The People’s Association (PA) has removed the controversial Hari Raya standee at Tiong Bahru Orchid which used a wedding photograph of a Malay-Muslim couple without permission.
The photograph of the couple in traditional Malay wedding attire was used to create the standee, displayed on a platform next to a banner depicting Radin Mas MP Melvin Yong and his seasonal wishes.
When she was alerted by a couple of friends that her wedding photo was used for this, Ms Sarah Bagharib took to Instagram on Saturday (29 May) to note that neither her, her husband, or the photographer were approached for permission.
She wrote, “Using a wedding photo to depict Malays/Singaporean Muslims celebrating Hari Raya is inappropriate. Using my wedding photo without my consent is unwarranted. Using my wedding photo as a caricature of Malay people is unacceptable.”
She also told The Straits Times that she felt the whole thing was “rude”, regardless of whether it was done by a third-party vendor or the PA itself.
“In the larger scheme of things, what does this reflect? The PA is meant to be a statutory board that seeks to promote social cohesion and harmony in Singapore,” she said.
In its statement apologising for the incident, the PA said: “This should not have happened. Neither our vendor nor Radin Mas CO obtained any permission to do so. This is against the policies which have been put in place. We have since spoken to the vendor on the seriousness of this infringement, and will follow up with the appropriate steps.

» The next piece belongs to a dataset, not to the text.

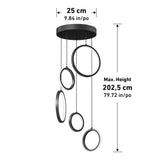 Modern pendant light fixture with four circular LED rings hanging at different heights from a round black ceiling base. Dimensions: base diameter 25 cm (9.84 in), maximum hanging height 202.5 cm (79.72 in).
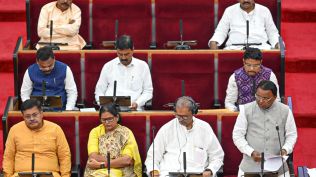 Odisha Chief Minister Mohan Charan Majhi speaks during the first day of Monsoon session of the state Assembly. (PTI Photo)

“Nonetheless, the PA, including Radin Mas CO, takes responsibility for this error as we had oversight of the matter, and the decorations were allowed to be put up.”

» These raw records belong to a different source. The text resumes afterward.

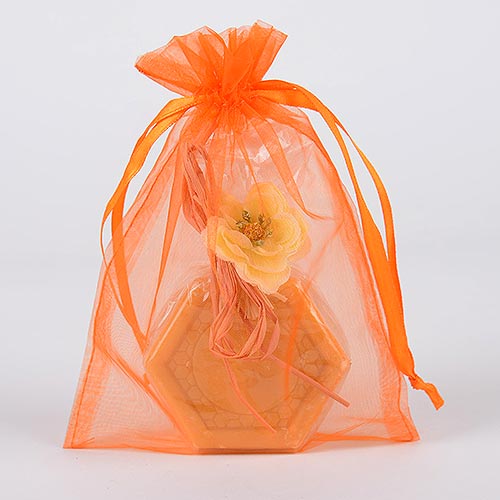 Orange - Organza Bags - ( 5 x 6.5-7 Inch - 10 Bags ) BBCrafts.com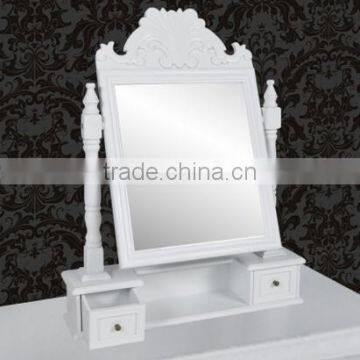 Jeweled Makeup Mirror White Color Fancy Women Makeup Dresser Drawer Wooden Rotating Fancy Mirror photo-2
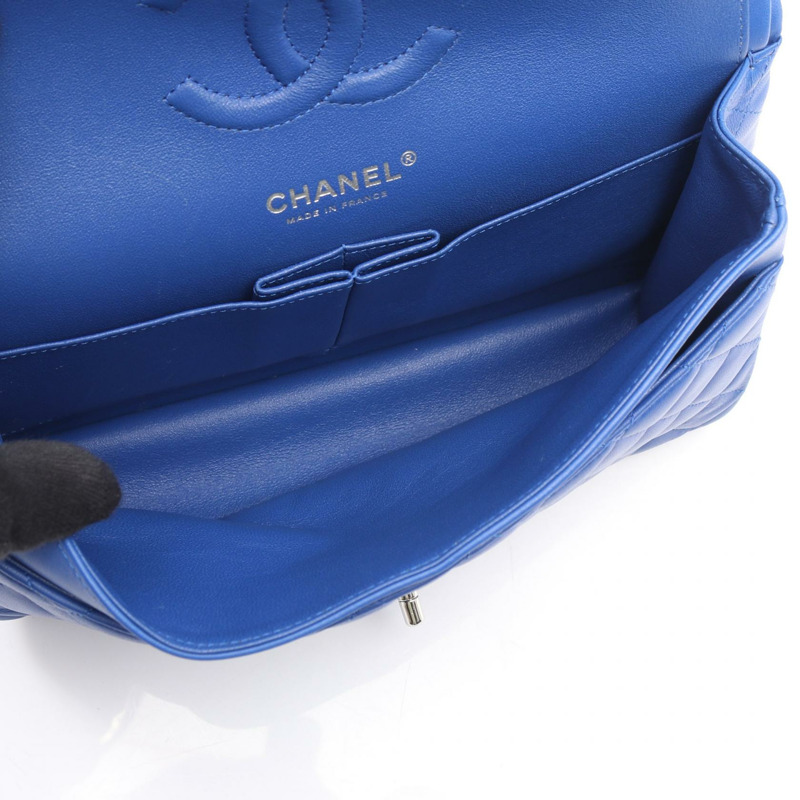 香奈兒 (CHANEL) Matelasse W 翻蓋鏈條單肩包，羊皮材質，藍色，二手，女士，COCO-2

However, netizens on The Straits Times and Channel NewsAsia Facebook pages are not quite ready to forgive this error in judgement of the PA. Many were upset over the PA’s shifting blame to the vendor instead of taking on full accountability for its mistake.
Several people pointed out that while the vendor may have been the one to print the standee or suggest the idea, the PA is still the client that would have had to give its stamp of approval for anything to happen in the first place.
Netizens also called out the PA for its cultural insensitivity and ignorance at not knowing the difference between Malay-Muslim wedding attire and Hari Raya, as well as for the lack of research they put into this. One person described it as “tone deaf”.
A few people pointed out that the lack of diversity in the PA staff might have led to this, and suggested that the PA should start hiring people of different races so as to avoid such mistakes in the future.
One netizen pointed out how this incident highlights the “failure of our racial harmony program”, and slammed the PA for not understanding the festivities, culture and values of Malay-Muslim Singaporeans despite its over 50-year history.